Nel bianco del Sud
Fabrizio Saccomanno con Iancu, un paese vuol dire possiede le qualità del moderno raccontastorie, per recuperare un patrimonio popolare inghiottito nel flusso delle stratificazioni della memoria e dalla perdita d’identità.
Negli ultimi anni un’inflazione di monologhi ci ha quasi saturati. Con eccezioni che si sono discostate dai confini del genere, a volte per la particolarità del personaggio, per la qualità della scrittura o per la vitalità dell’interprete. Fabrizio Saccomanno con Iancu, un paese vuol dire non aggiunge particolari impennate al genere, ma possiede le qualità del moderno raccontastorie, per recuperare un patrimonio popolare inghiottito nel flusso delle stratificazioni della memoria e dalla perdita d’identità. Autore e interprete di Iancu, l’attore pugliese sosta sulla classica sedia, centro della narrazione, vestito di bianco.
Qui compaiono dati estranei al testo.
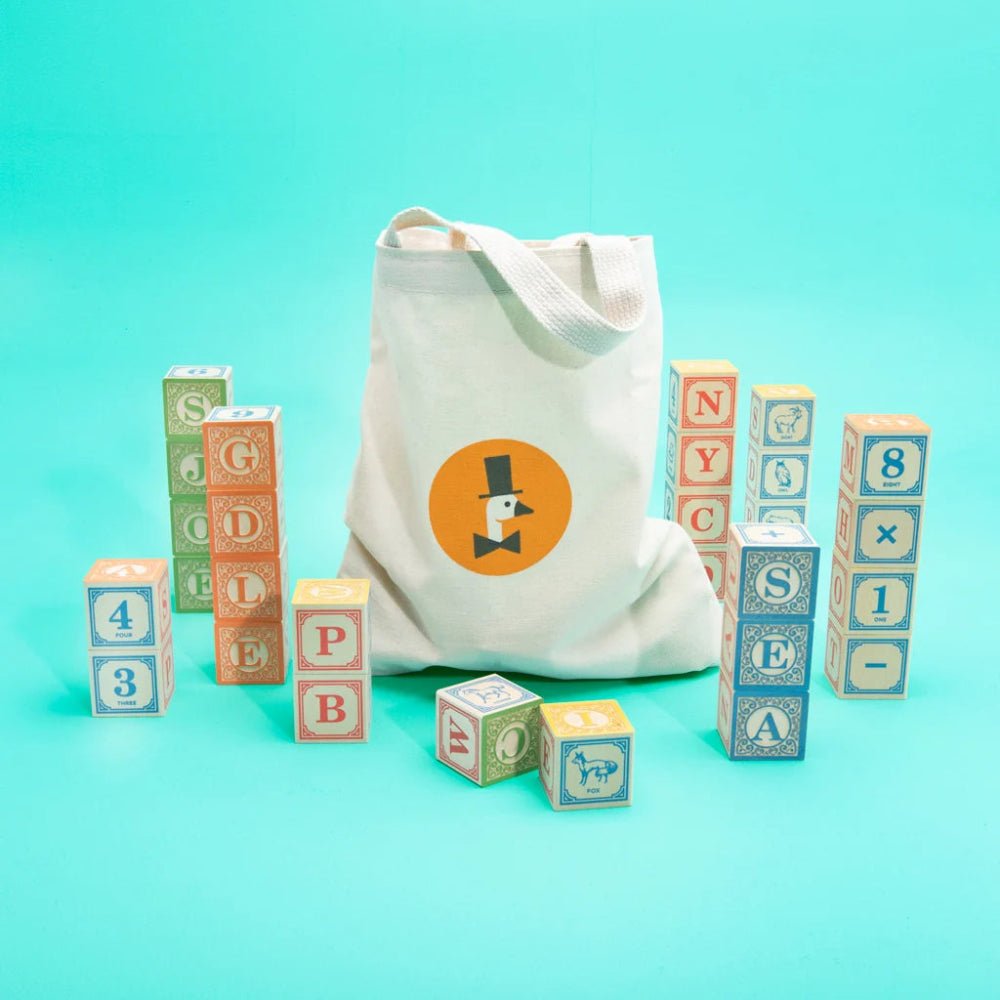 Canvas bag with a logo of a goosewearing a tophat and tie, surrounded by colorful alphabet blocks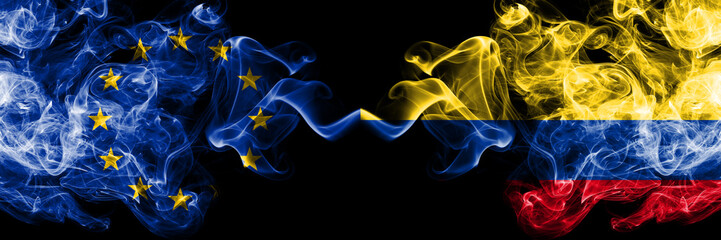 European Union vs Colombia, Colombian smoke flags placed side by side. Thick colored silky smoke flags of EU and Colombia, Colombian
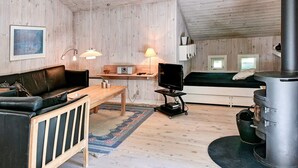 Interior acolhedor de uma cabana com teto de madeira, sofá de couro preto, mesa de jantar de madeira, televisão sobre um carrinho, lareira e uma cama com vista para o exterior.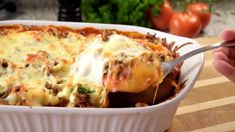 a casserole dish filled with meat and cheese being held by a person's hand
Sull’affermazione che «un paese vuol dire non stare soli», racconta una storia del passato dentro la quale gemmano tante altre storie: quelle di un paese del Sud con le sue tragicommedie di varia umanità, attraversato dalla guerra, e, più avanti, da un fatto di cronaca: quella del bandito Graziano Mesina, fuggito dal carcere di Lecce, per il quale inizia una caccia all’uomo che mobiliterà l’intero paese.
S’intrecciano storie e personaggi che scorrono tra l’intonaco bianco, osservate dagli occhi innocenti di un bambino che si affaccia sul mondo dei grandi.
Produzione Cantieri Teatrali Koreja. Al Teatro Era di Pontedera.